Family detention is the practice of holding immigrant families, including children and babies, in prison-like detention centers with their parents. These detention centers are often operated by for-profit, private prison companies.
Since 2009, most families seeking asylum have generally not been detained while their asylum cases proceed through immigration courts. However, in 2014, the Obama administration announced that it would renew the mass detention of immigrant families with three centers in New Mexico, Texas, and Pennsylvania. The administration asked Congress for funding for up to 6,300 family detention beds across the country.
Last week the Pennsylvania Department of Human Services informed the Berks facility that it will not be allowed to expand and could lose its license to operate from the state of Pennsylvania. In July, U.S. District Judge Dolly Gee ruled that the family detention policy violated the 1997 Flores settlement, which says that undocumented children must be held in the least restrictive setting and immigration authorities should generally favor a policy of releasing them.
Stein also reiterated her support for a series of immigration reforms, including:
Granting legal status to undocumented immigrants who are already residing and working in the United States, including a fair path to U.S. citizenship.
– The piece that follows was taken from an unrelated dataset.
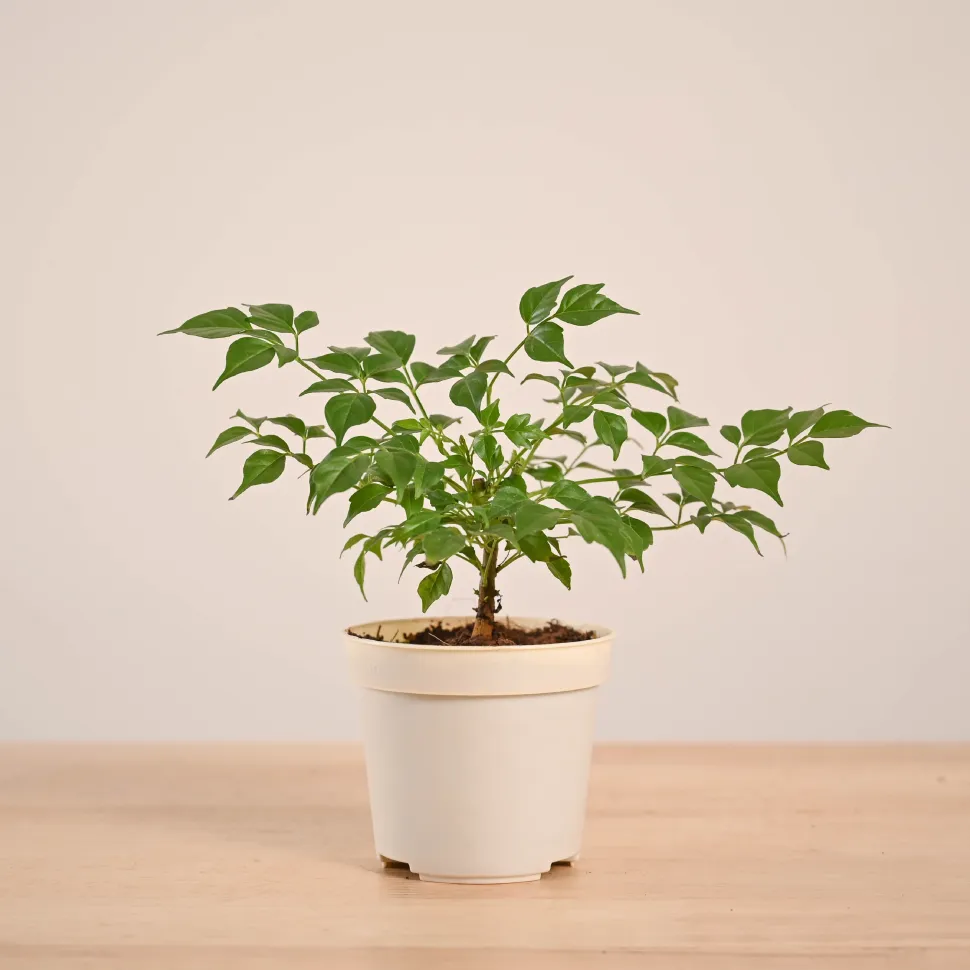 China Doll Plant (4 inch)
Passing the DREAM act to allow undocumented students to pursue education and citizenship.
Demilitarizing border crossings.
Repealing the NAFTA and CAFTA trade agreements.
Creating real border security by ending the illegal drug trade through marijuana legalization and treating drug use as a public health issue, not a criminal problem.
Ending U.S. support for the Latin American drug wars. Ending marijuana prohibition takes the main profit engine out of the illegal drug trade, making the drug war unnecessary.